- Opening Delimiter -
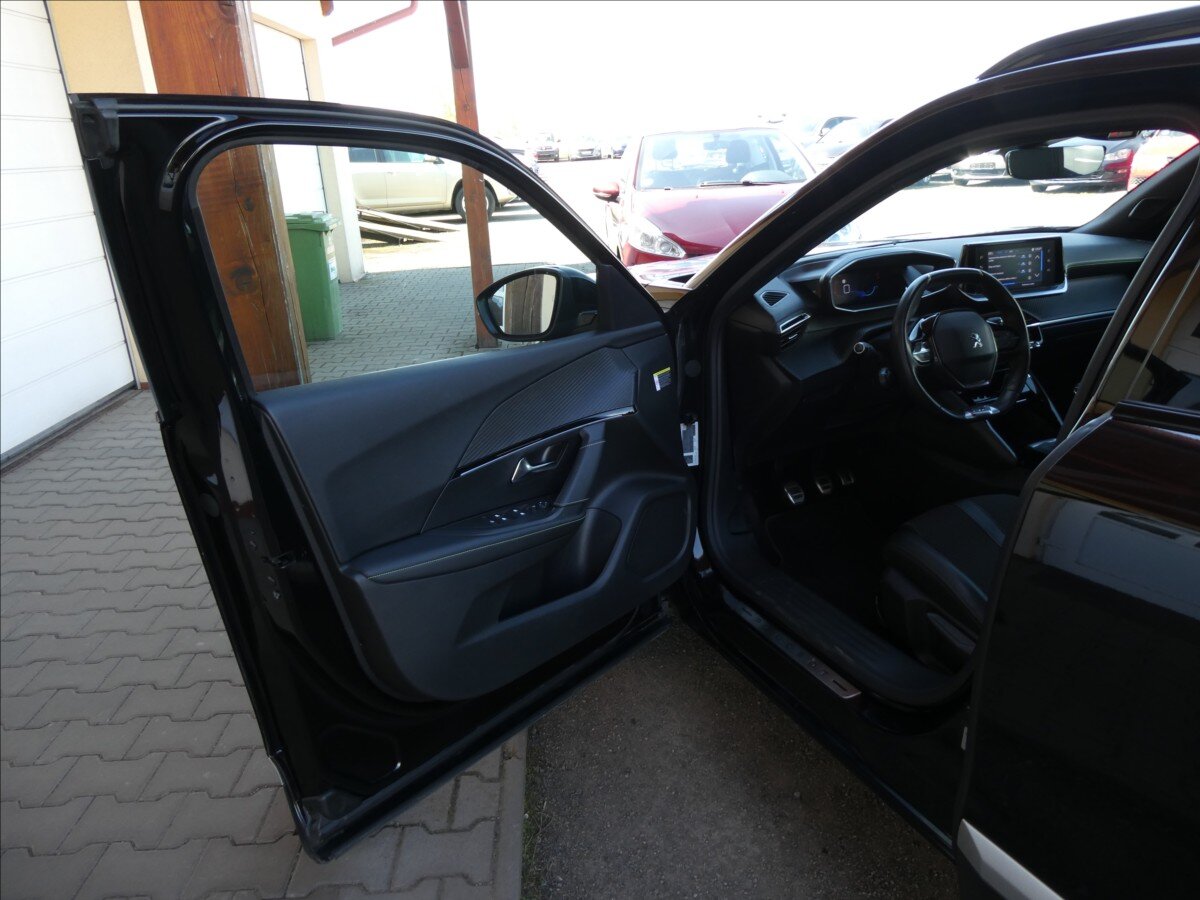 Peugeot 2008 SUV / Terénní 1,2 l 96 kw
- Closing Delimiter -
- Opening Delimiter -
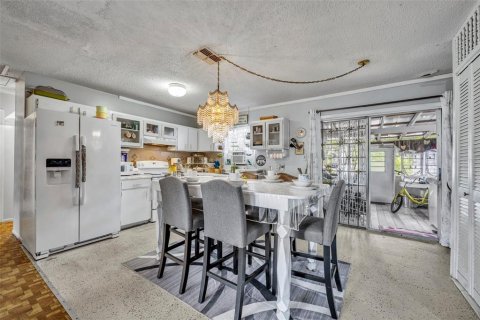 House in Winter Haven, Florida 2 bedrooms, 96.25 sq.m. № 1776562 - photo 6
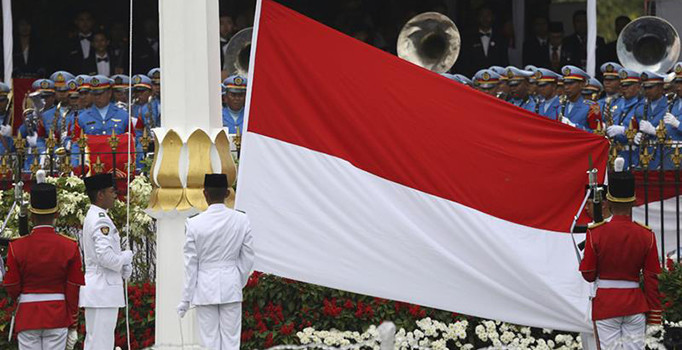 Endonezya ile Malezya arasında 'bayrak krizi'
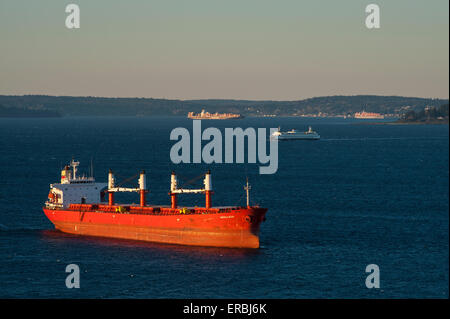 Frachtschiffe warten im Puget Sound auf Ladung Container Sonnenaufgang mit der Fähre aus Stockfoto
- Closing Delimiter -
- Opening Delimiter -
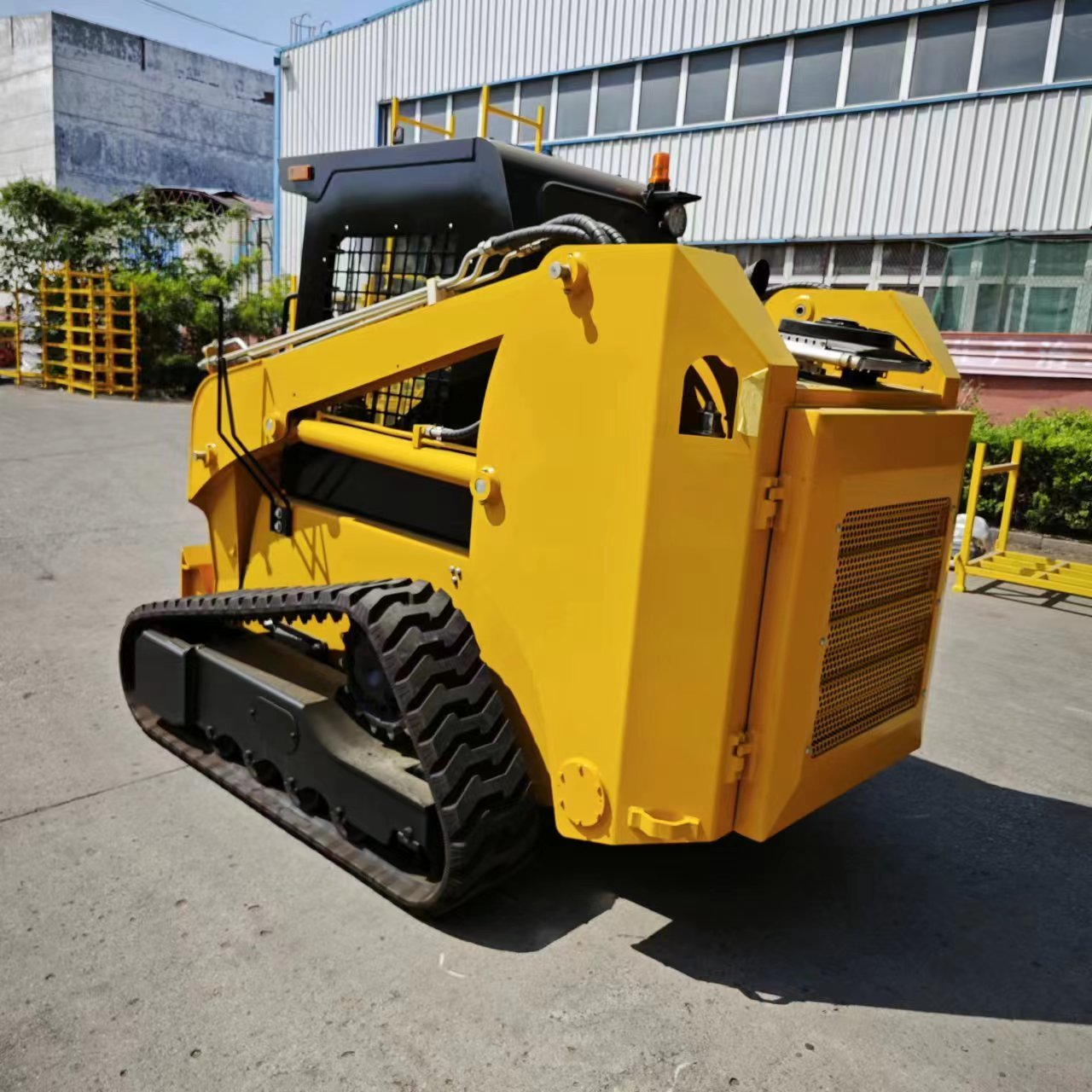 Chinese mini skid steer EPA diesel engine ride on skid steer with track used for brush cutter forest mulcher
- Closing Delimiter -
WHAT TO WORK ON:
Above are some entries; copy exactly the lines from the line with "Endonezya ile Malezya" through the line with "Frachtschiffe warten im", both included, but none of the pictures.

ANSWER FOR THE TASK:
 Endonezya ile Malezya arasında 'bayrak krizi'
 Frachtschiffe warten im Puget Sound auf Ladung Container Sonnenaufgang mit der Fähre aus Stockfoto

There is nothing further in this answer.